Nicht zu verwechseln mit dem bloßen Weinkenner, dem Weinfreund oder gar dem gemeinen Volk der Trinker, weiß sich der perfekte Weinsnob mit nonchalant präsentiertem Insider-Wissen oder der gezielt beiläufig erwähnten Verkostung eines gar seltenen Jahrganges direkt im "Château de Bluff" effektvoll in Szene zu setzen. Doch schmal ist der Grat zwischen Expertentum und Angeberei, und nur allzu leicht stolpert man in der elitären Welt des Weins in ein gesellschaftliches Fettnäpfchen, dessen ranziger Geruch nach Dilettantismus und Hochstapelei womöglich für immer an einem hängen bleibt.

All jene, die sich von dieser Gefahr nicht abschrecken lassen und deren sehnsüchtigster Wunsch es ist, bei Blindverkostungen zu brillieren, Sommeliers zu düpieren und bei intimen Dinners so richtig Eindruck zu schinden, sollten das nun bereits in dritter, überarbeiteter Auflage erschienene "Handbuch für Weinsnobs" griffbereit haben. Verfasst wurde dieser humorvoller Führer von Klaus Egle, der sich mit zahllosen Artikeln zum Thema Wein, Büchern wie "Die schönsten Weinstraßen Österreichs", "Weinland Steiermark" oder "Lust auf Wein!" und dem alljährlich gemeinsam mit Christoph Wagner herausgegebenen kulinarischen Guide "Wo isst Österreich?" den Ruf eines profunden Weinkenners und -liebhabers erschrieben hat.

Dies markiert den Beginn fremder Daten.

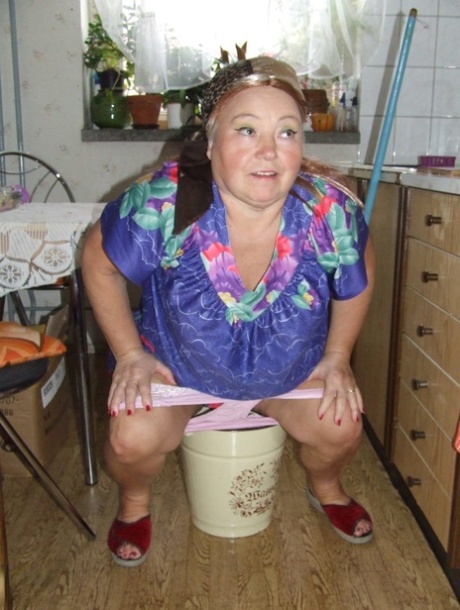 tenåring sæd i munnen topp beste gallerier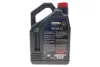 Олива 10W40 NGEN 4 (5L) (MB 229.3/RN0710/RN0700/PSA B71 2300/VW 501 01/VW505 00) (113059) MOTUL 387806 (фото 3)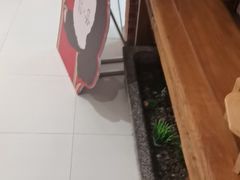 -小吊梨汤·北京菜·烤鸭(西直门凯德店)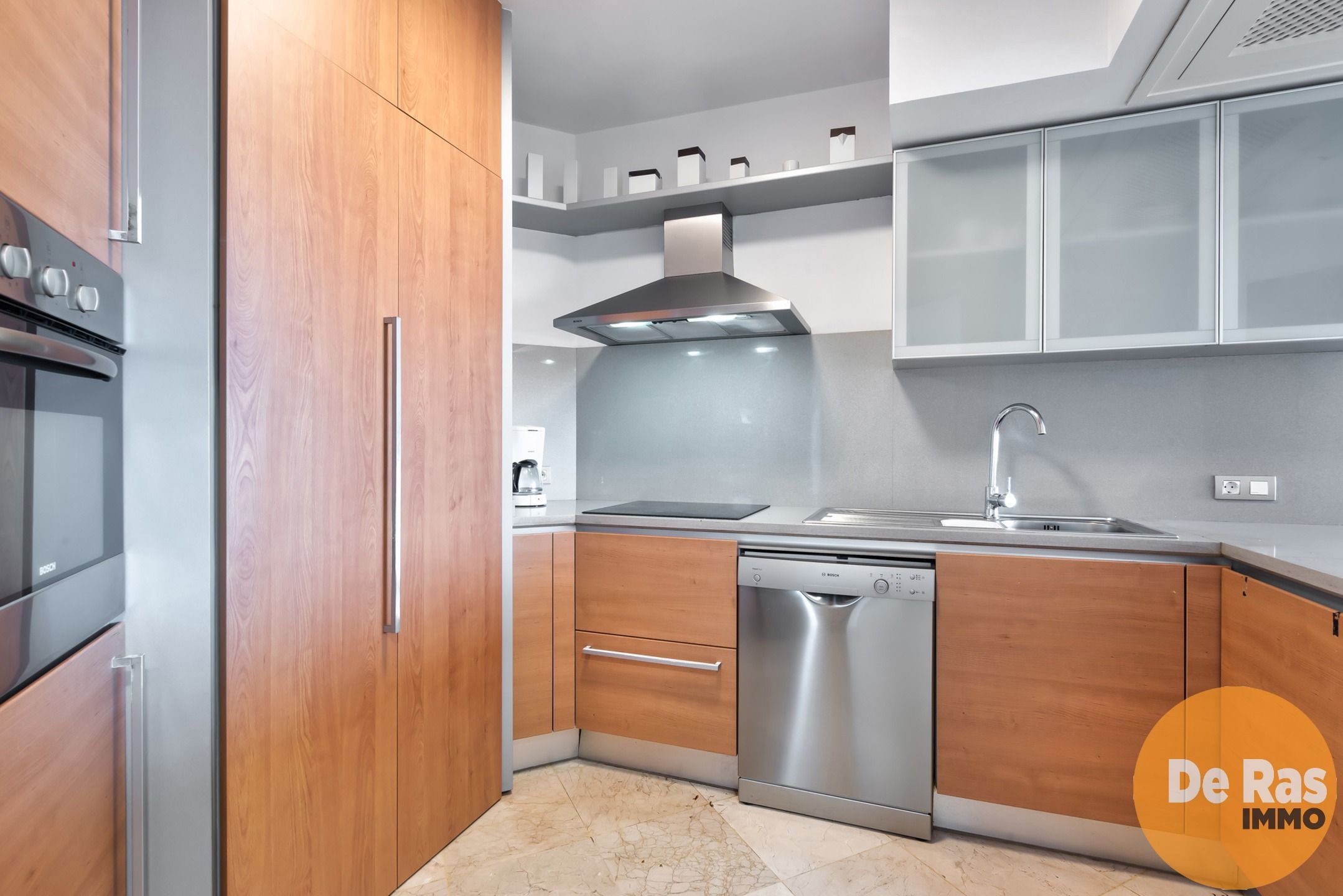TENERIFE Arona - Luxueus appartement foto 4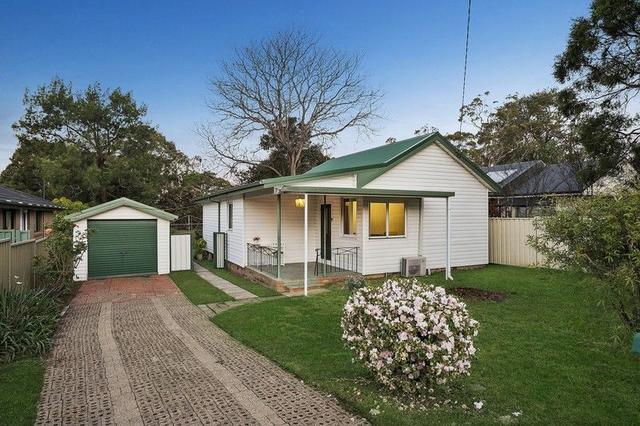 73 Great Western Highway, NSW 2774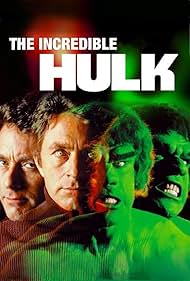 watch-The Incredible Hulk (1977)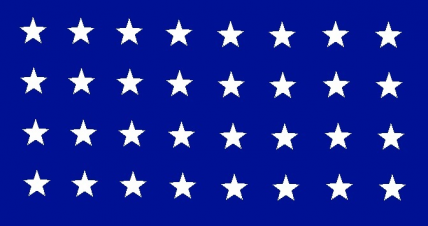 The Dominion of Artificial R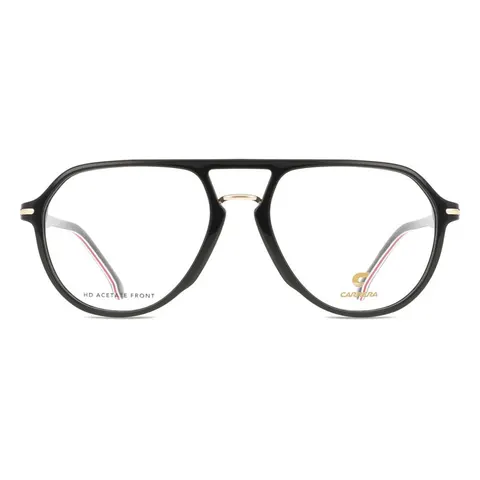 Carrera 345 2M2 Men New Eyeglasses – image 2
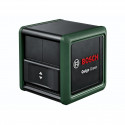 Bosch Quigo Green II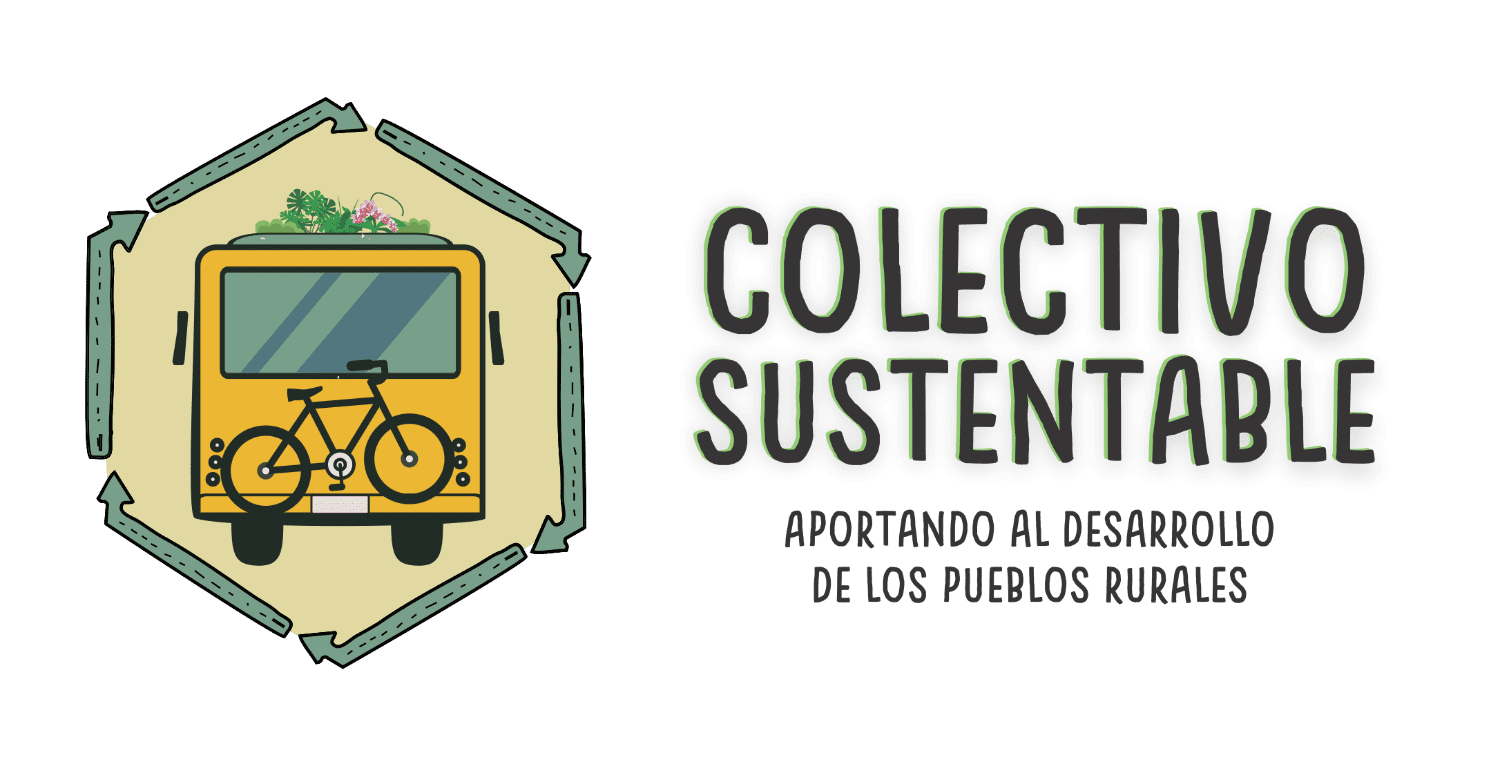 Imagen de portada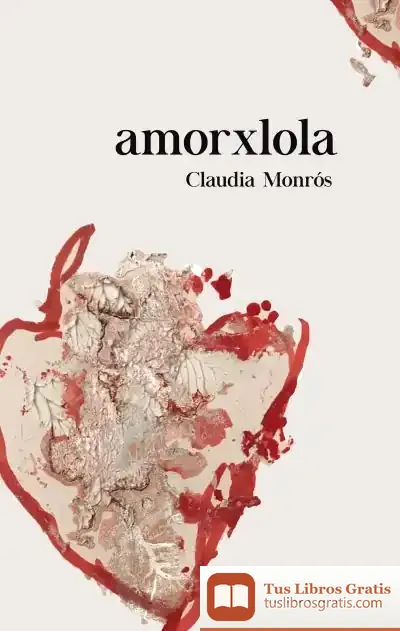 Descargar Amor X Lola
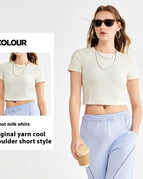 Coconut Milk White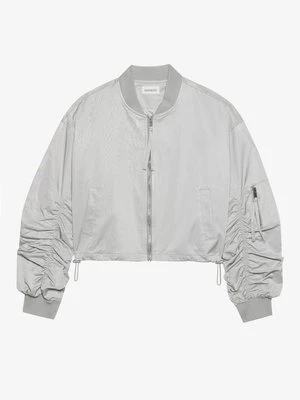 Obrázek produktu Bomber bunda Even&Odd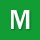 Profielafbeelding mahmut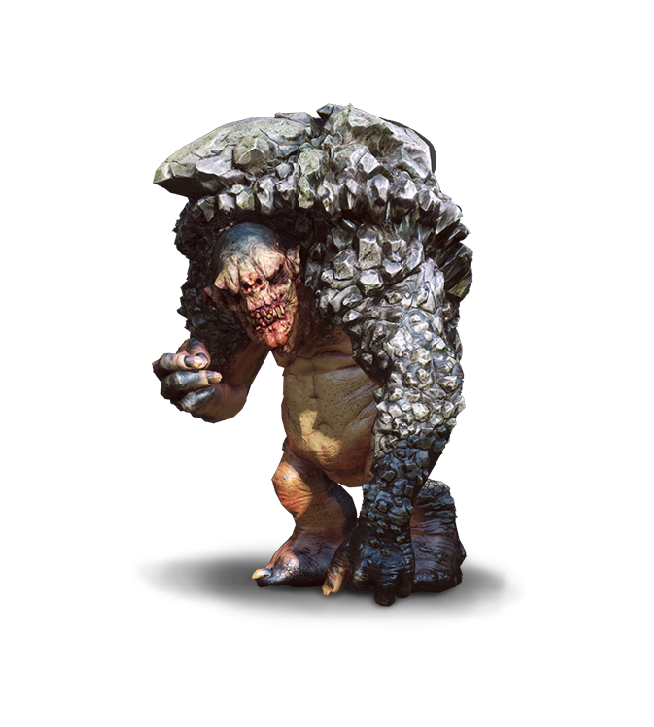 english patch for the witcher 2 troll english patch for the witcher 2 troll
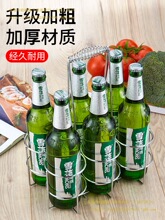 �Sơ����������ơ�Ƽ���@��������ռ{�Ƽ��������ƻ@������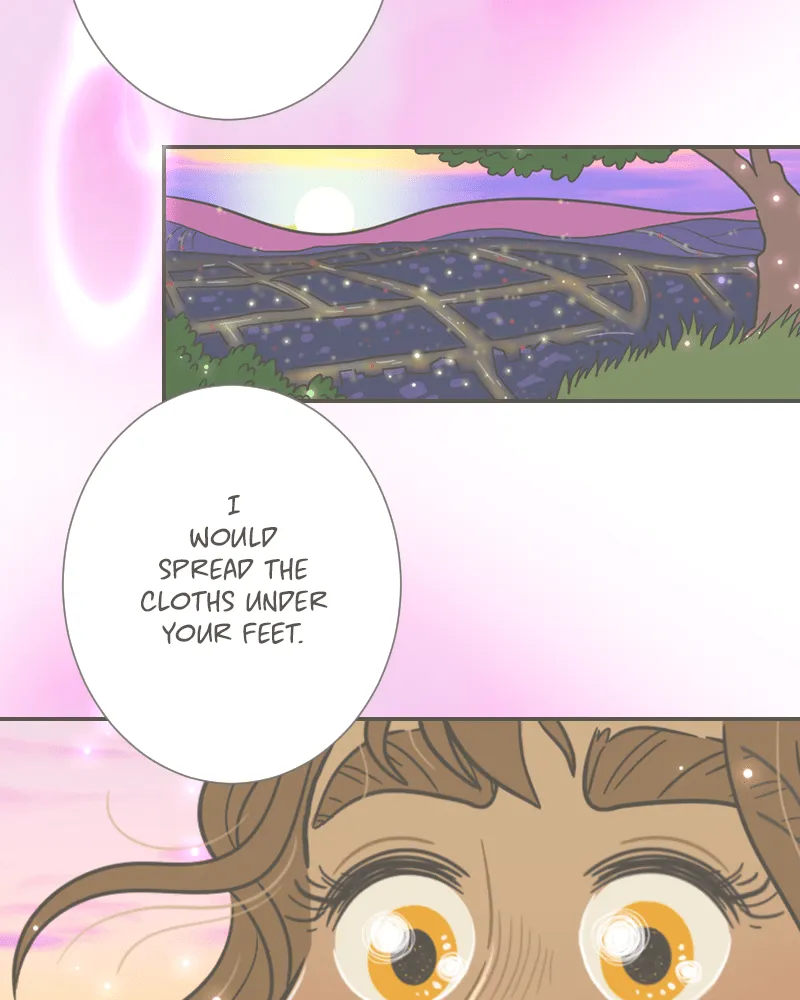 Read Big Jo chapter 169 image 29 on Lezhin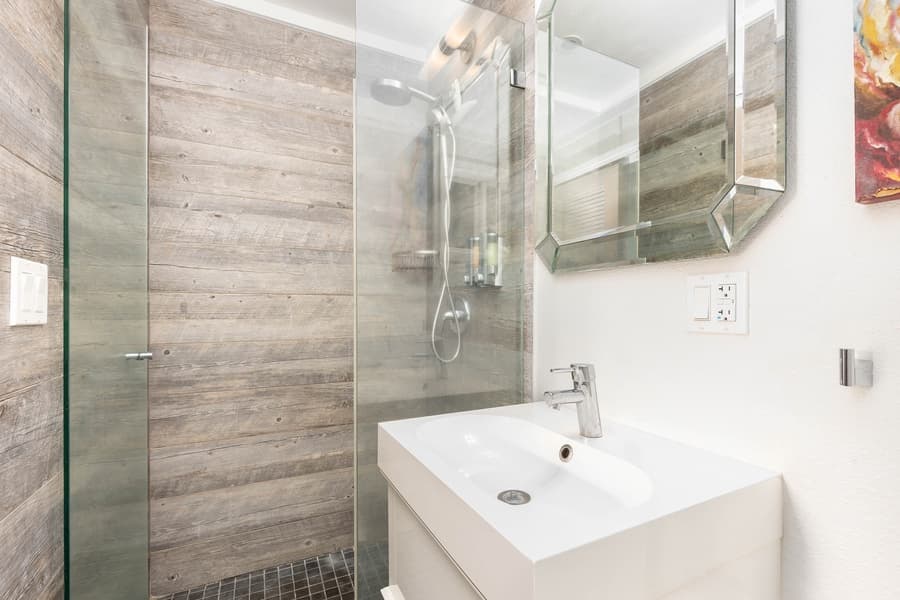 Velzey Ohana Villa - Image 28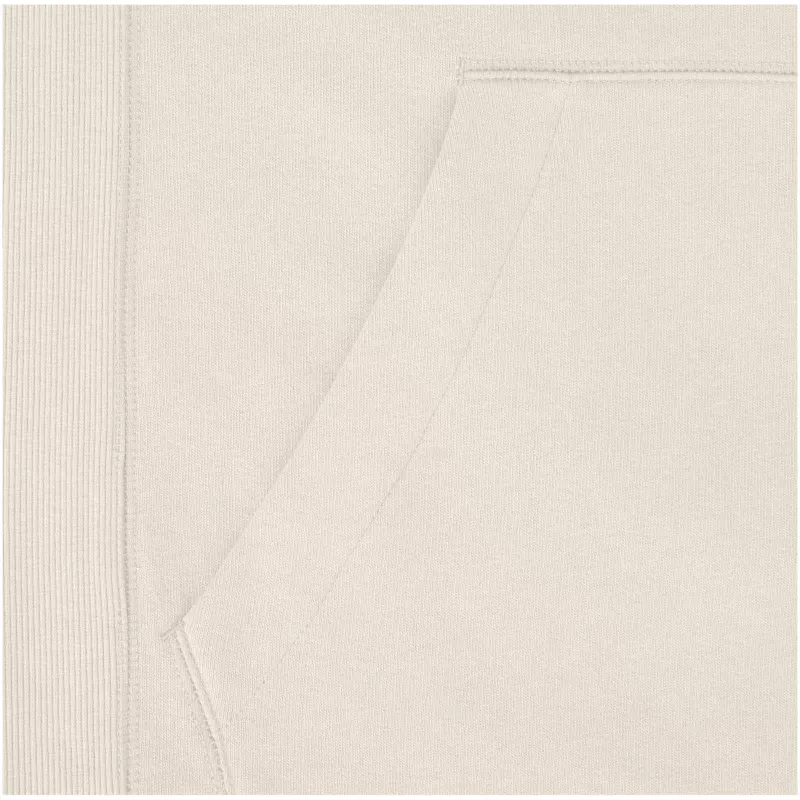 Laguna bluza unisex z kapturem - Sandstone (38235-SANDSTON)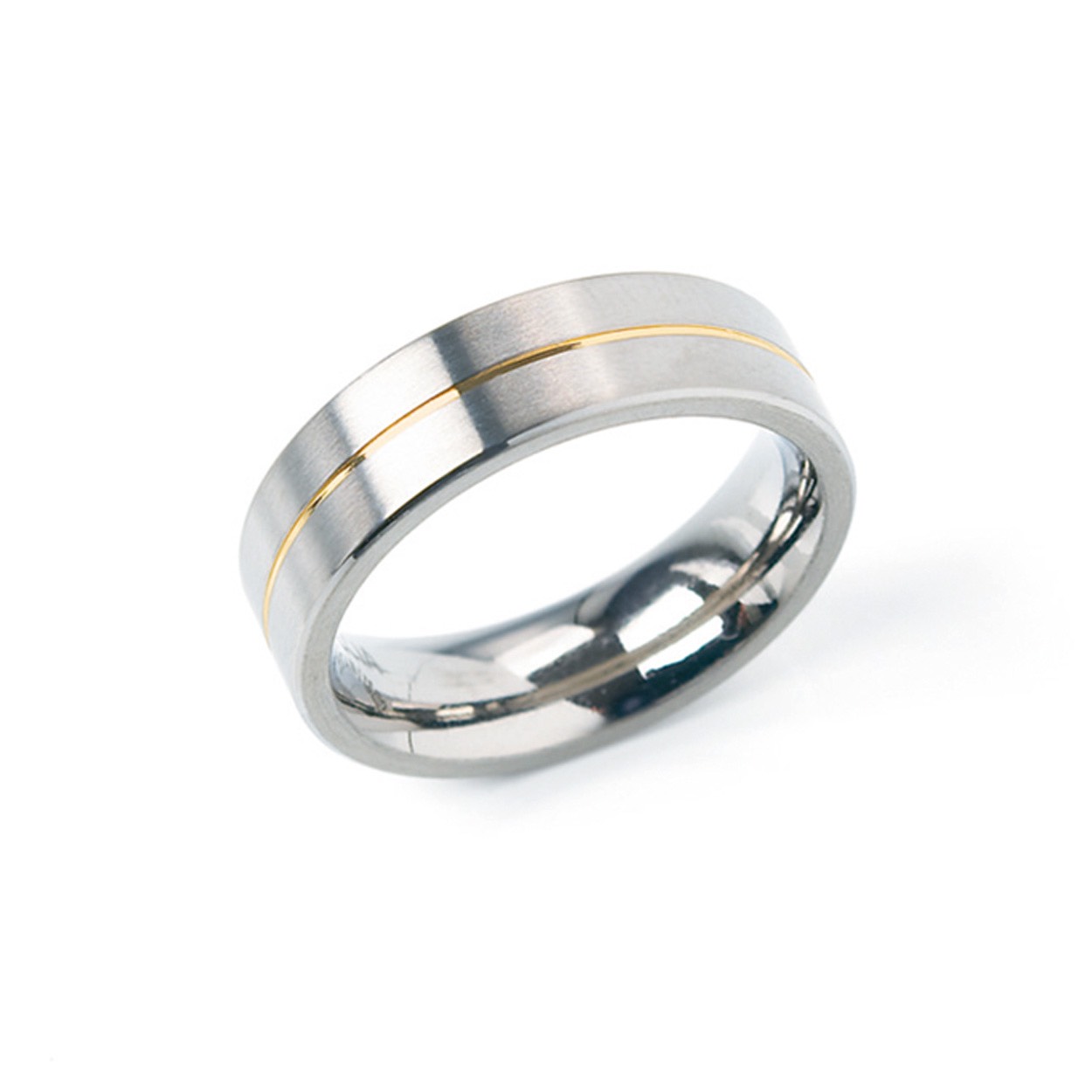 relatie ringen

Egles flott formuliertes Buch kann natürlich keineswegs nicht vorhandene önologische Fachkenntnisse ersetzen, vermittelt aber, oft verpackt in amüsante Anekdoten, Verhaltensregeln für vielerlei Gelegenheiten. Ob bei der Degustation in erlesenem Kreis, der Auswahl der Gläser, dem Entkorken und Dekantieren zu Hause oder der Bestellung im Haubenlokal, stets gibt es gewisse Riten zu beachten, die nicht nur dem Geschmackserlebnis dienlich sind, sondern auch dem Weinsnob eine willkommene Bühne für die Demonstration seiner überlegenen Kennerschaft bieten.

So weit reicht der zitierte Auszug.